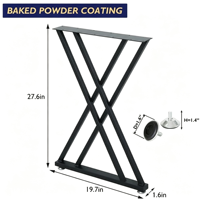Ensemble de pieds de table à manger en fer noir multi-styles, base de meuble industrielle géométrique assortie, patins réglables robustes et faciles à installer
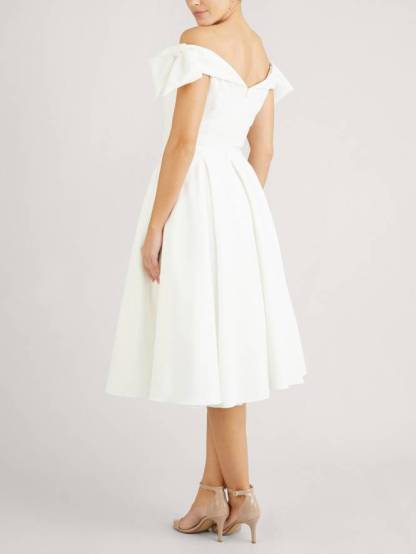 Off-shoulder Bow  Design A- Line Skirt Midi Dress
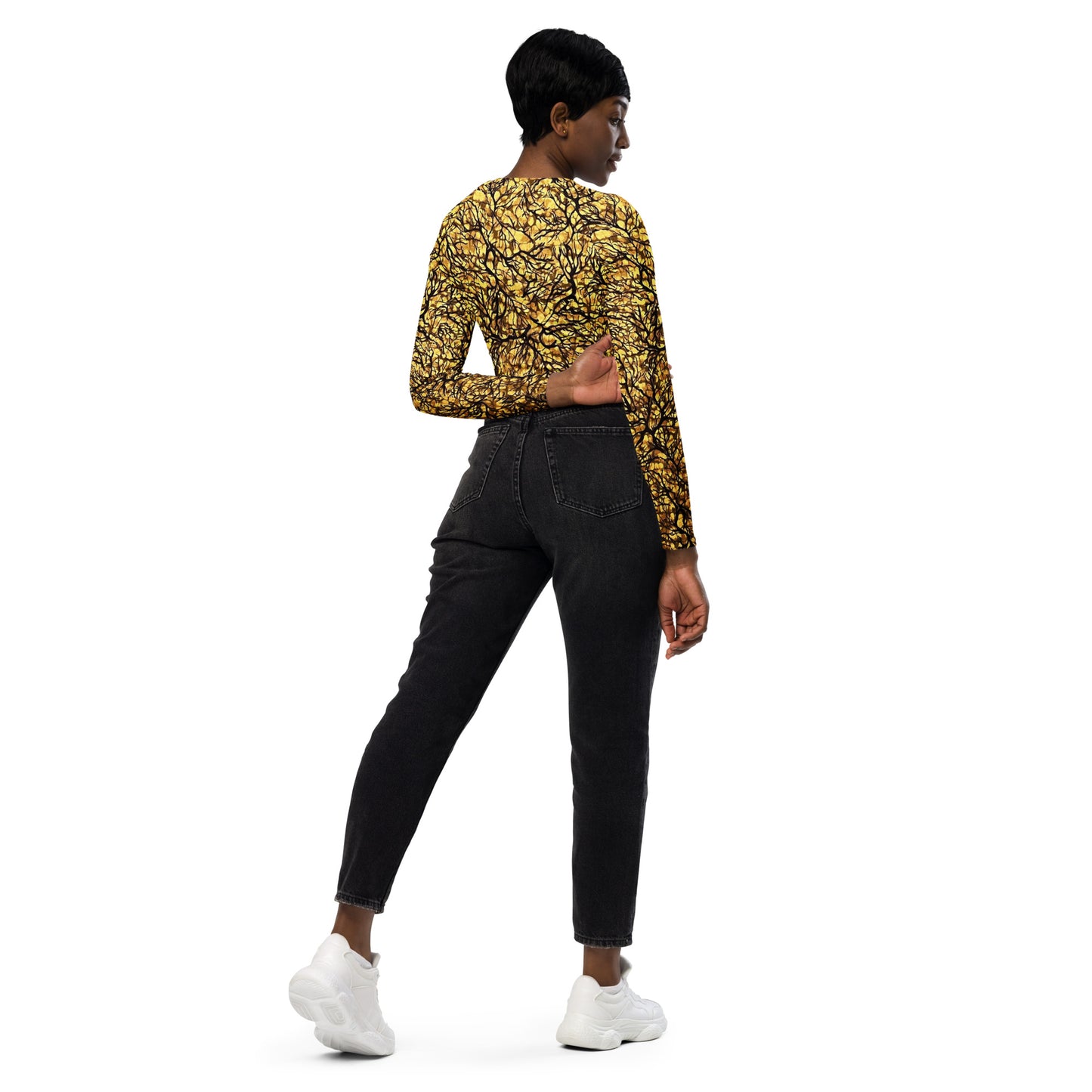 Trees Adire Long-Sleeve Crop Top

◇ ◇ ◇

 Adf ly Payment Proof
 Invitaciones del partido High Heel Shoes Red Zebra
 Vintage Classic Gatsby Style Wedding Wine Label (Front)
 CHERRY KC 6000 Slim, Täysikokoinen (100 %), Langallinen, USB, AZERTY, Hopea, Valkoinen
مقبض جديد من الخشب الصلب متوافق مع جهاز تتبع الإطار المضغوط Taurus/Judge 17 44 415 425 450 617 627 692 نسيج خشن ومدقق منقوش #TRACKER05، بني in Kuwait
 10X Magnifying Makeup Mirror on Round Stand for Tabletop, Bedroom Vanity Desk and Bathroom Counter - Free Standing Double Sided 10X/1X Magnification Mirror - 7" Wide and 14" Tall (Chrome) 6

◇ ◇ ◇

Problem requirements
For this task, return exactly the stretch of the listing above from the line with "Ensemble de pieds" through the line with "Trees Adire Long-Sleeve Crop Top", inclusive and without pictures.

Task answer
Ensemble de pieds de table à manger en fer noir multi-styles, base de meuble industrielle géométrique assortie, patins réglables robustes et faciles à installer
 Off-shoulder Bow  Design A- Line Skirt Midi Dress
 Trees Adire Long-Sleeve Crop Top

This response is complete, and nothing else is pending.